For one, the use of a private (Union Bank), instead of a government bank in drawing regular pension and other benefits has been resolved when the GSIS decided to tap the services of the Land Bank of the Philippines in areas where GSIS has not set up a branch, said GSIS president and general manager Robert Vergara.
Vergara was here Saturday for a two-day meeting with stakeholders of the Autonomous Region in Muslim Mindanao, lauding efforts of the regional government to settle unremitted premiums, including arrears, of 26,000 education department employees amounting to nearly a billion pesos.
With the help of the Department of Budget and Management, as agreed upon by the GSIS and the Office of the Regional Governor, the account that ballooned to P990 million from 1997 to the present has been partly settled through a DBM check of P890 million under a signed Memorandum of Agreement.
The remaining balance of about P100 million is set to be fully paid before the year ends, according to ARMM Gov. Mujiv Hataman, who had worked out solutions to allow affected DepEd teachers and employees to avail of GSIS loans and other benefits.
Hataman’s mission to institute reform in the regional bureaucracy, according to Vergara, is also his role in the GSIS after he took over the controversy-wracked Winston Garcia leadership that saw mass action from GSIS union workers at the central office and which ended in a Supreme Court ruling upholding the workers’ rights for reform at the state-pension fund agency.
Accompanied by four GSIS executives, Vergara said they would look into the plight of government workers as it offered lately “calamity loans” to flood-affected members in Mindanao of up to P40,000 with low interest rate of six percent per annum, payable in 36 monthly installments.
He said some 4,162 qualified GSIS members in Mindanao could avail of the emergency loan program.

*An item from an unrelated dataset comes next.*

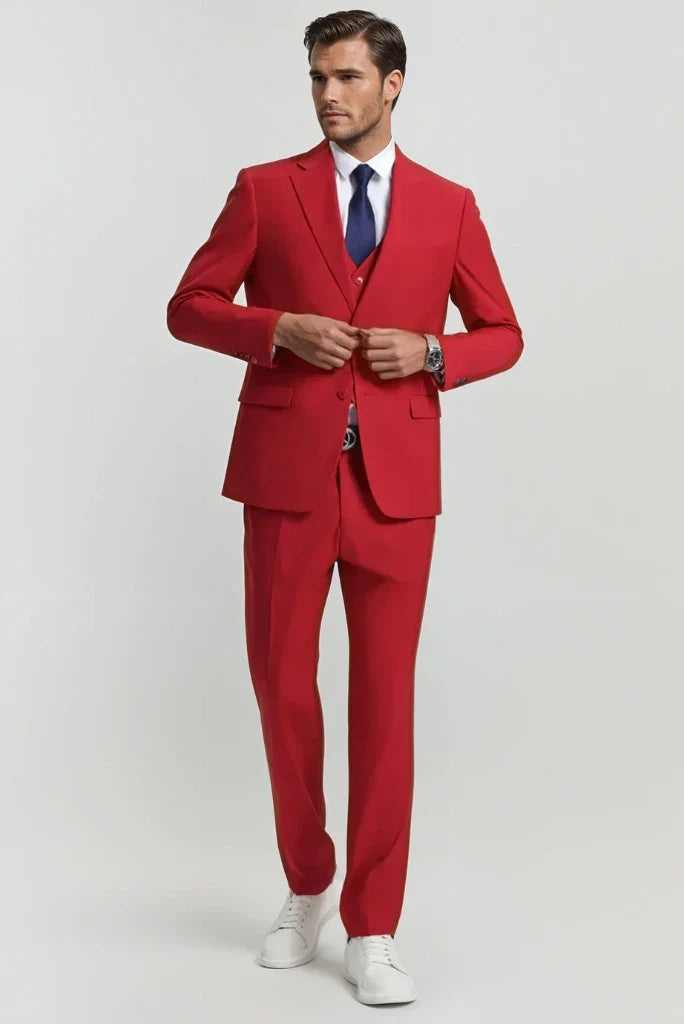 Sainly men red three piece suit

The GSIS also announced to have turned over a P144.2-million check to the Civil Aviation Authority of the Philippines for use in the rehabilitation of Tacloban City airport destroyed by Super Typhoon “Yolanda” (Haiyan) in 2013.
“We have noted all valid sentiments of stakeholders in our report to the GSIS president that needed perusal and prompt action,” said Rosalinda Mendoza, GSIS-ARMM manager.
“We have to regain the trust and confidence of our stakeholders by promoting efficient service,” said Vergara, an October recipient of an Outstanding Public Servant Award from the Public Attorneys Office based on responsive service to nearly two million GSIS members.
“Before President Aquino’s term ends, we hope to have reformed and rebuilt GSIS as the premier pension fund institution, transparent, autonomous, and beyond public reproach just like what Hataman did to ARMM in his brief stint as regional governor,” Vergara told the Philippine Daily Inquirer.